BEGIN RECORD EXTRACTS

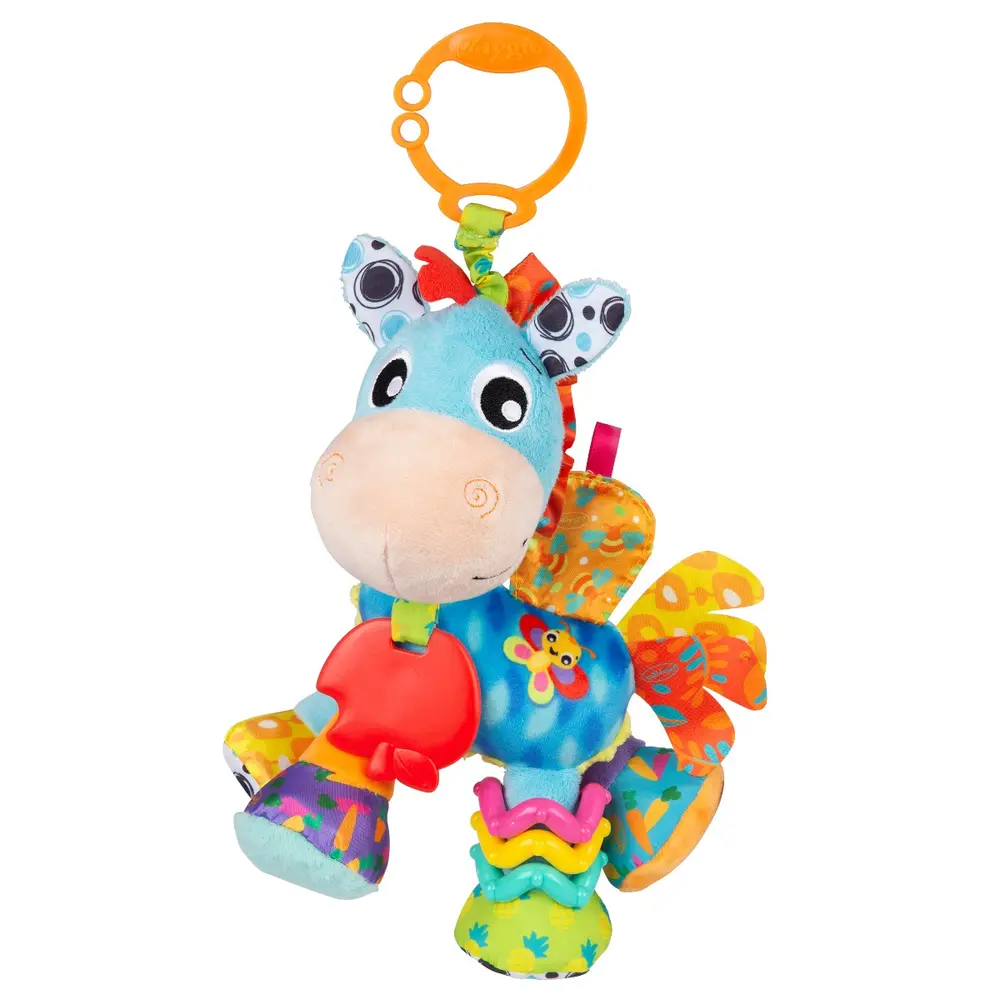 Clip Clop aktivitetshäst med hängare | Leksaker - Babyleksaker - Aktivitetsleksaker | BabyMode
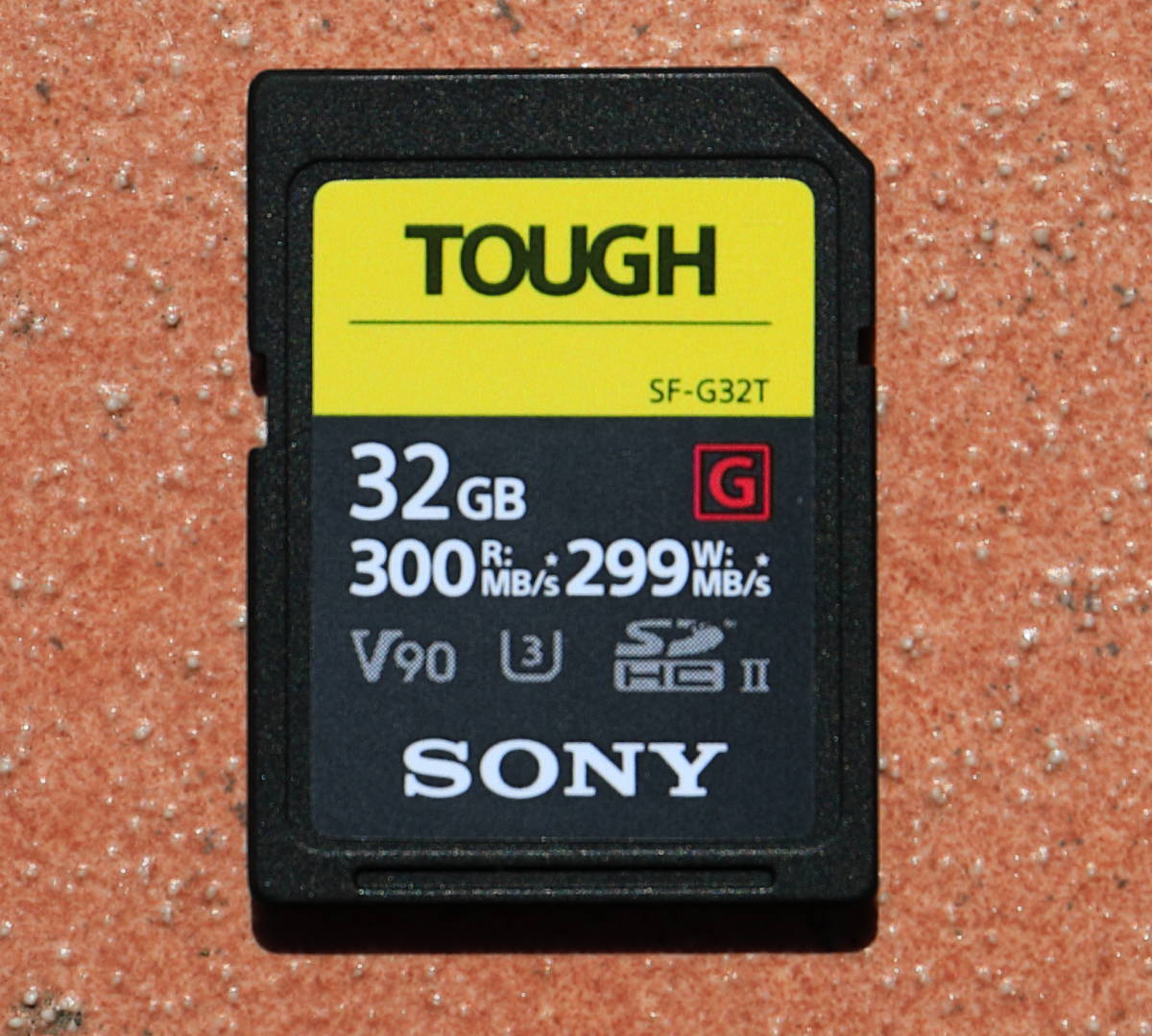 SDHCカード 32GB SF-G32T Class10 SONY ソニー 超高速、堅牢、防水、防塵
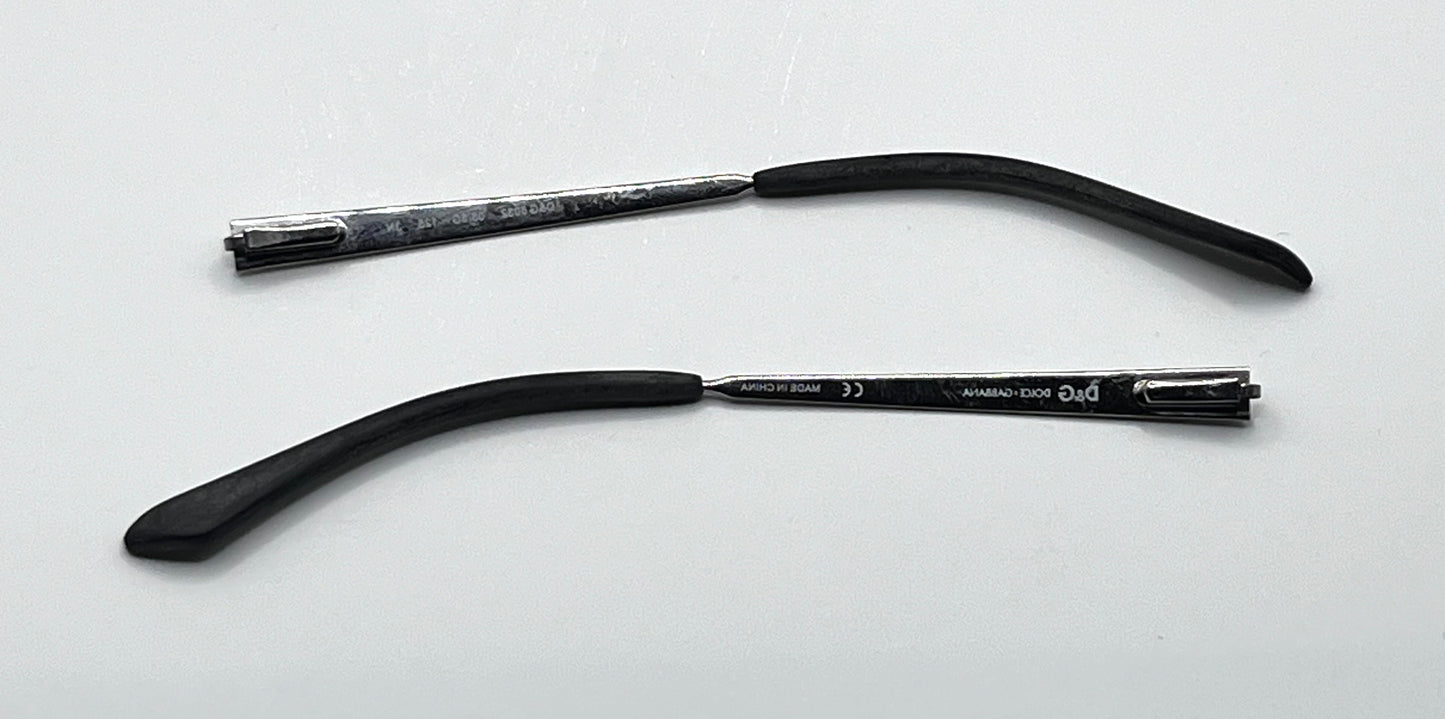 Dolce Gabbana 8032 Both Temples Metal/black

END RECORD EXTRACTS
BEGIN RECORD EXTRACTS

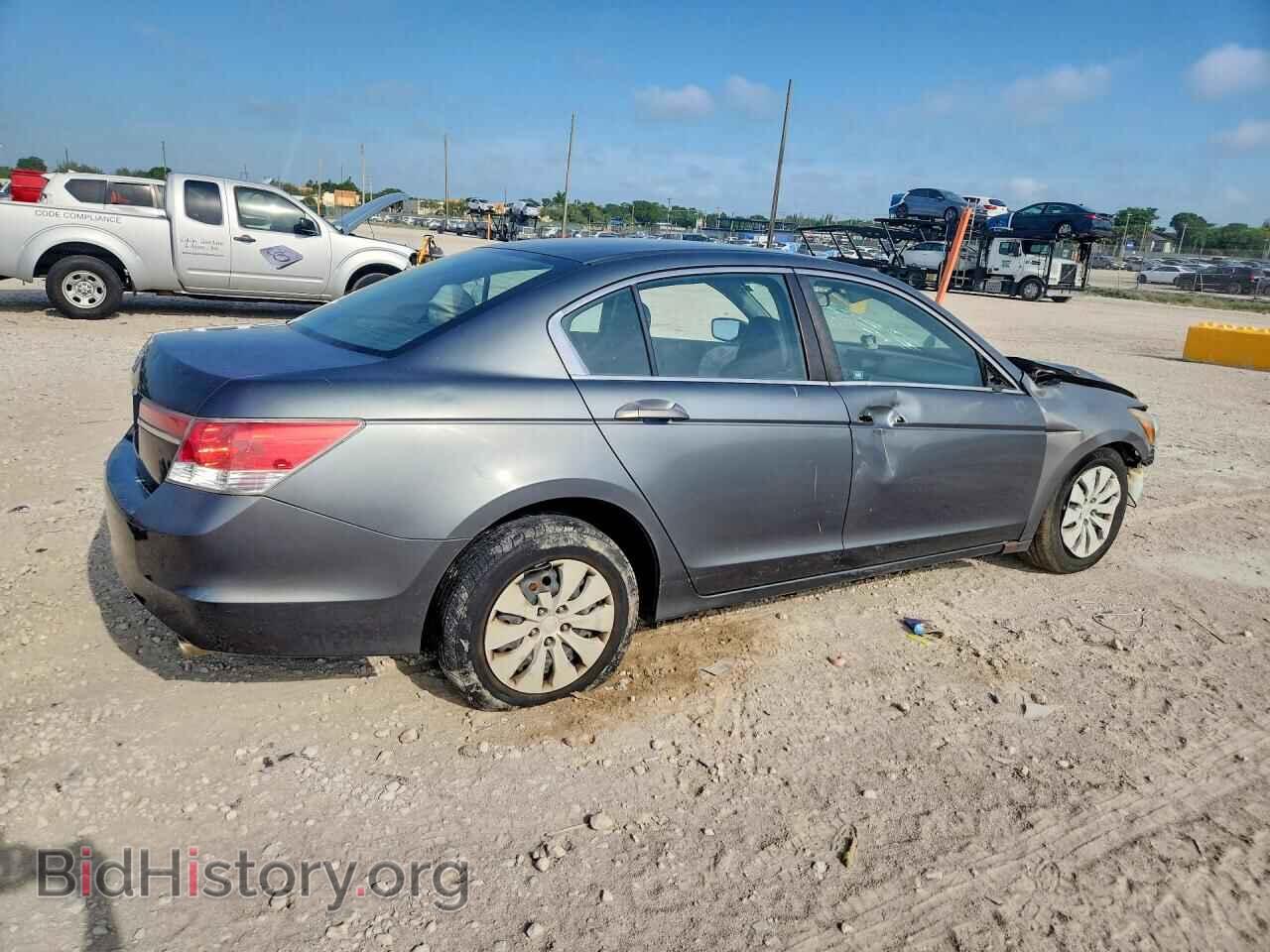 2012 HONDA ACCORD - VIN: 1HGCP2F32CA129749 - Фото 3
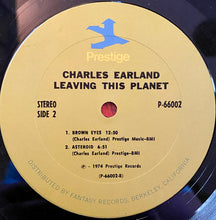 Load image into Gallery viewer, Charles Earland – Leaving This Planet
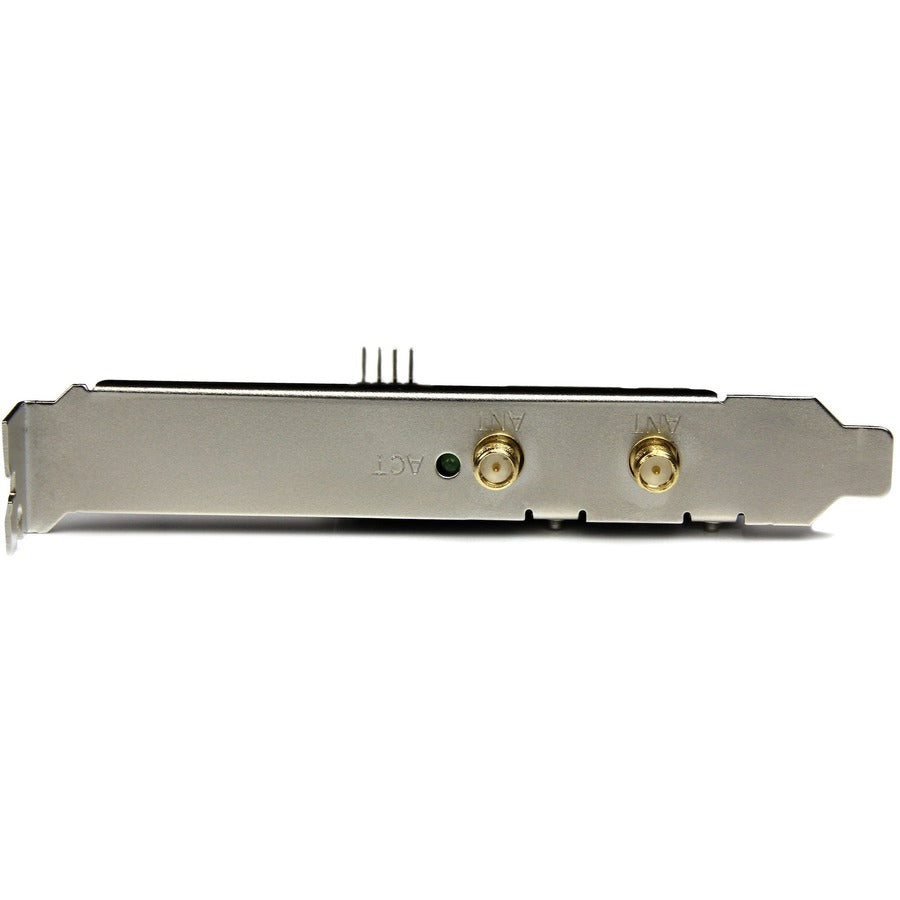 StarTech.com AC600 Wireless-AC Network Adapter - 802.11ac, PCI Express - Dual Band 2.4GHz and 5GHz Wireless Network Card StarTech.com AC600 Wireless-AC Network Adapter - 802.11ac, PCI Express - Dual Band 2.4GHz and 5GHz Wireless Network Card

END RECORD EXTRACTS
BEGIN RECORD EXTRACTS

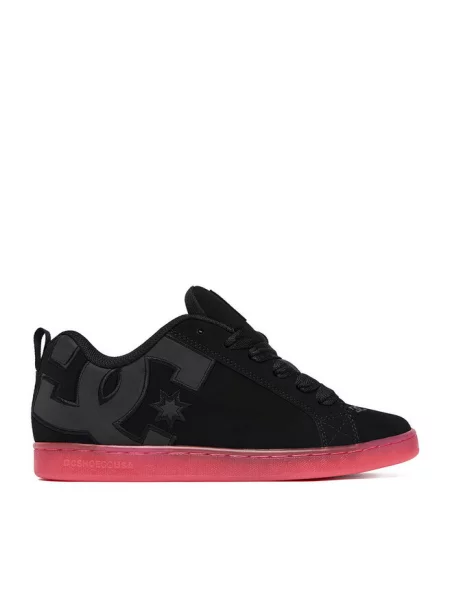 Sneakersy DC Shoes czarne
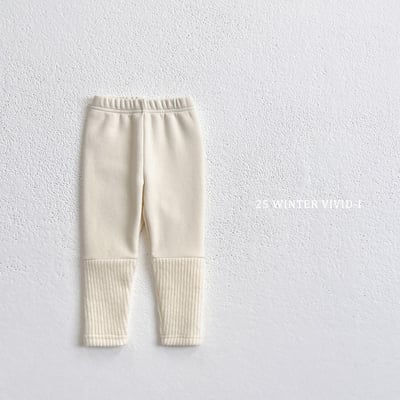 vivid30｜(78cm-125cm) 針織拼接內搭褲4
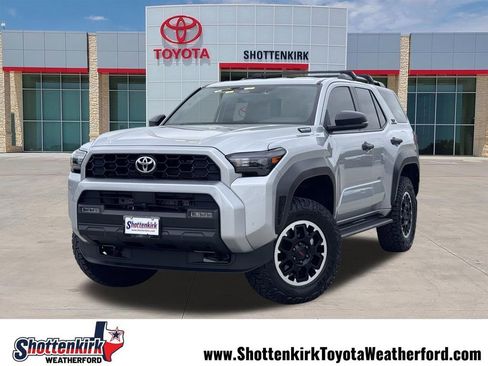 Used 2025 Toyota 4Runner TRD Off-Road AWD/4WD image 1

END RECORD EXTRACTS

** WHAT YOU SHOULD DO **
Beginning with the line above that has "vivid30｜(78cm-125cm) 針織拼接內搭褲4" and going on through the line that has "Used 2025 Toyota", retype every line exactly and add nothing else; drop the pictures.

** ANSWER SPACE **
 vivid30｜(78cm-125cm) 針織拼接內搭褲4
 Used 2025 Toyota 4Runner TRD Off-Road AWD/4WD image 1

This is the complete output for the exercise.